The focus of our work is on the potential of different GNSS and combined SLR-GNSS solutions to determine reliable time series of geocenter coordinates. GNSS-only solutions for geocenter coordinates suffer from model deficiencies associated with solar radiation pressure. Especially the OPR parameters are critical: on the one hand, they should account for the modelling deficiencies, but on the other hand we showed that the geocenter estimates are heavily degraded if OPR parameters for all three dimensions are estimated, i.e., a factor of about four in terms of RMS, and a factor of about three for the amplitude associated with the annual period and the draconitic GNSS year.

We showed that SLR observations to GNSS satellites cannot improve the geocenter estimates because the modelling problems for the satellites are the same as in solutions using MW observations.

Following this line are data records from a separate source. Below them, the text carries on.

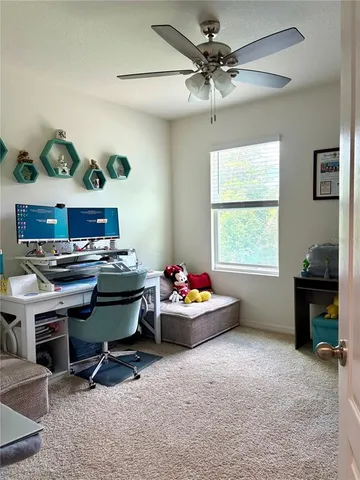 a bedroom with furniture and a wooden floor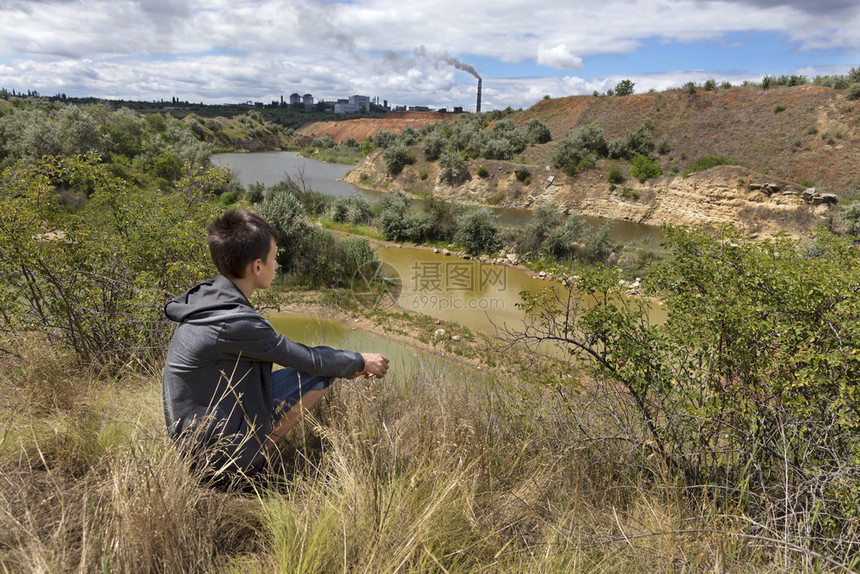一个少年在夏日看着废弃的采石场风景回收公司在地平线上一个少年在夏日看着废弃的采石场风景自由生红色的图片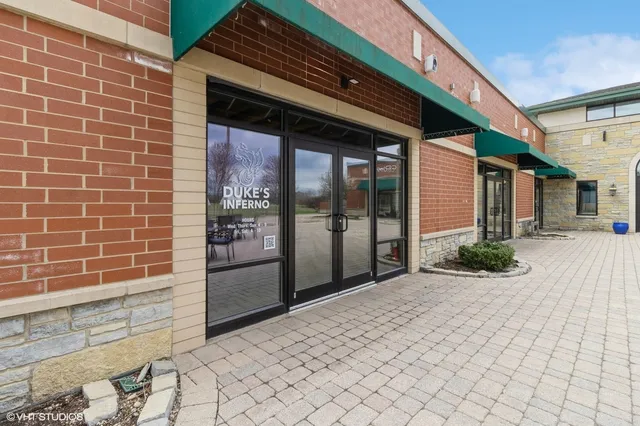 a view of a brick house with a potted plant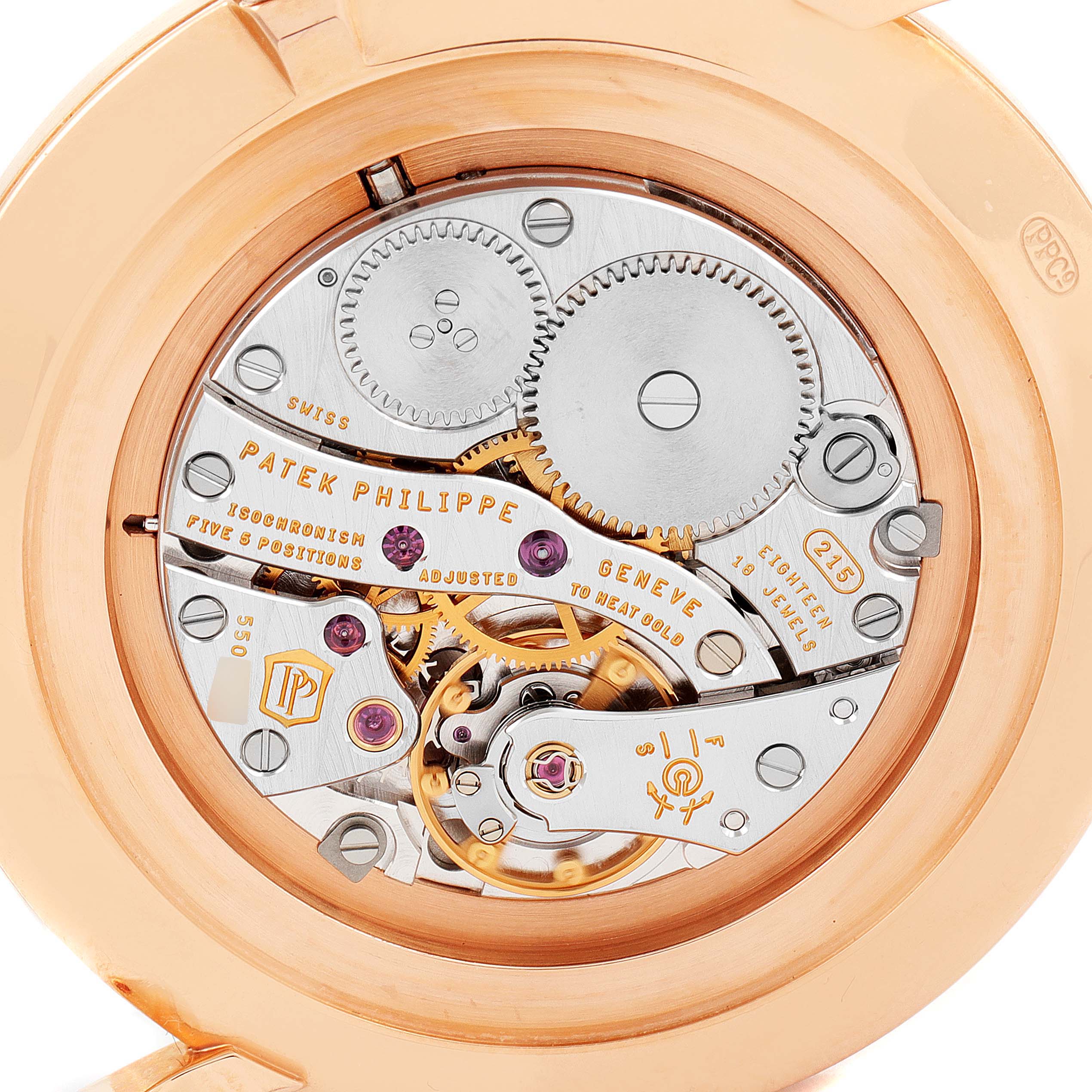 This image shows the intricate internal mechanism of a Patek Philippe Calatrava 5119R Men's Rose Gold White Dial 5119R Men's Rose Gold White Dial watch viewed from the back.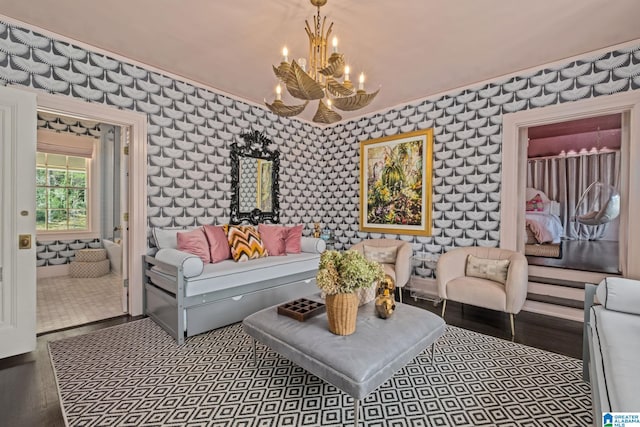 living room with an inviting chandelier and wallpapered walls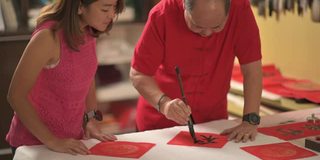 一位亚洲华人男子练习书法，为即将到来的中国新年庆祝家庭装饰目的繁荣和良好的措辞写在一张红色的纸上，并教他的女儿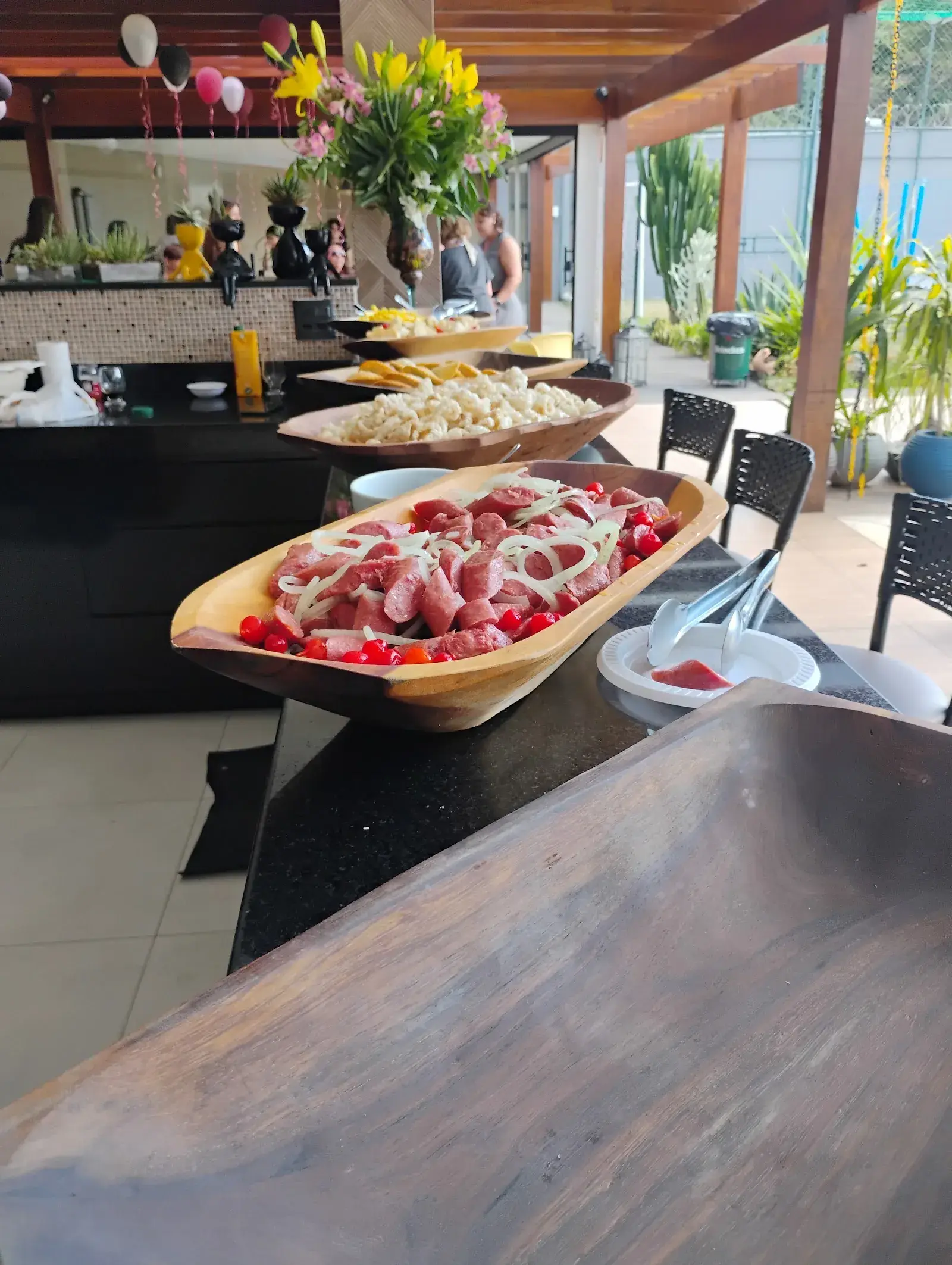 Gamela de linguiça com cebola e pimenta biquinho no buffet, com torresmo e mandioca ao fundo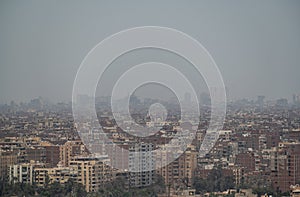 View on the city of Giza in a morning with smog, outskirts of Cairo, as seen from the Giza Plateau. Panoramic Shot Of Cityscape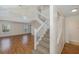 Inviting entryway with staircase and hardwood floors providing a warm welcome at 4228 Savage Station Cir, New Port Richey, FL 34653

The inclusion of LAGEOS and ETALON observations, on the other hand, clearly improves the geocenter estimates. We demonstrated that constraints on empirical orbit parameters—which have to be applied in GNSS-only solutions—are not necessarily needed in such combined solutions. The combined geocenter series is mainly driven by the LAGEOS-ETALON contribution. This behavior is good to see because the GNSS contribution clearly suffers from artifacts. And in view of consistently combined space-geodetic solutions it is important that the strength of the SLR contribution regarding geocenter is not destroyed by these artifacts. In this context it is as well of special importance that we did not use local ties because discrepancies between the local tie values and the coordinate differences derived from the space-geodetic techniques could have a negative impact on the geocenter estimates if the local ties were introduced in the combined solution.

The benefit for other (GNSS-related) parameters due to the improved geocenter estimates in the combined solution has not been studied in this paper.

Studies focussing on the best relative weighting between all types of observations are not yet performed, but will be done as a next step. The results presented, however, show that the relative weighting chosen for the combination is reasonable.

An extension of the time series is highly desired, especially in view of a clear distinction between the signals with an annual period and those related to the draconitic GNSS year.